The second modification order in this case, issued after the October hearings, was premised upon the validity of the first order. We need not discuss its merits except to note that the findings and conclusions therein are sufficiently tainted by the court's reliance upon the unsupported conclusions of the first order to warrant vacation.

*268 For the reasons stated in this opinion, the order entered on July 29, 1976, is vacated insofar as it modifies the prior order requiring the payment of $535 per month in combined alimony and child support;[7] the order entered on December 6, 1976, is vacated; and this cause is remanded for such further proceedings as may be necessary to make findings and conclusions in accordance with this opinion.

So ordered.


[1] The first order in this case was appealed by Leonard Tennyson. We remanded the cause in view of the then-pending proceedings which resulted in the second order. D.C.App. No. 11285 (Sept. 29, 1976). By order dated Nov. 1, 1977, the record in this case was supplemented by the record in No. 11285.

[2] Alison Tennyson filed a motion to increase support payments in November 1972, which motion was heard and granted by Judge Washington in January 1974. Alison Tennyson moved for "reconsideration" of that order, alleging that the increase ordered was insufficient, and the motion was granted. Leonard Tennyson then moved for reduction of the 1971 award upon the theory that the grant of the motion for reconsideration made the January 1974 order non-final. Judge Green, in a meticulously well-reasoned opinion, concurred in Leonard Tennyson's view of these proceedings and proceeded to hear all motions as cross-motions for modification of the 1971 order. Neither party challenges the validity of Judge Green's view of these proceedings.
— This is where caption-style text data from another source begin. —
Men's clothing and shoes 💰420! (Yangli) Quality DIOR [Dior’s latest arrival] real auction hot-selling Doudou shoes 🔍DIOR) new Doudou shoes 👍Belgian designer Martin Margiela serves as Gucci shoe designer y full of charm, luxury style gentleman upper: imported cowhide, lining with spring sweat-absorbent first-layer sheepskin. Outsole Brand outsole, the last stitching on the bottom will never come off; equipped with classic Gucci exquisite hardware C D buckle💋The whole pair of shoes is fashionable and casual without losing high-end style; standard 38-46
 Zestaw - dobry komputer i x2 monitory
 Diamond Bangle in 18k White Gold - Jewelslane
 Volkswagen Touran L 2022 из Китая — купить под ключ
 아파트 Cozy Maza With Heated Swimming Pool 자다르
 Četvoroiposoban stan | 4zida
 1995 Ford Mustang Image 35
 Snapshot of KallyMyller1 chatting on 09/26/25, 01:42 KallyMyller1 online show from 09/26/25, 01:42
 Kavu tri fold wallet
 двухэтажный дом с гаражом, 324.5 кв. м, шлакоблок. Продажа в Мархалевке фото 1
[3] Although Hamilton speaks only of a change in the father's ability to pay since only that factor was in issue, it is clear that the ability of both parents must be considered. D.C.Code 1973, § 16-916(a) (Supp. IV, 1977). In Sheridan v. Sheridan, D.C.App., 267 A.2d 343 (1970), it is said that while a decrease in the father's ability to pay will justify a decrease in support payments by him, an increase in that ability will not, of itself, justify an increase. Id. at 346-47. This dicta (since no increase in the father's ability to pay was shown), however, appears overcome by the subsequent legislative mandate, cited above, that we consider both parents as potential sources of support. To ignore a change, occasioned by increase in the father's income, in the relative abilities of the parents to support their child would seem inconsistent with this mandate.

[4] His gross income during this period remained at approximately $36,000, although his assets grew from approximately $25,000 to more than $46,000.

[5] This finding, not contested on appeal, was made by Judge Washington (see note 2, supra) and was not modified by Judge Green.

[6] Facts which were not presented for resolution in 1971 may not, of course, be litigated now, for the 1971 decision was necessarily based upon the absence of all relevant facts not presented in evidence. See Calvin v. Calvin, 94 U.S.App.D.C. 42, 214 F.2d 226 (1954).

[7] Portions of this order were not contested on appeal. The provisions, therefore, affecting visitation rights and payment of non-recurring psychological therapy expenses are unaltered. Although Alison Tennyson has not appealed the court's remission of alimony, we view the original combined award of alimony and support as integral. Remission of alimony, therefore, should be considered in light of all the findings of changed circumstances which support the modification order.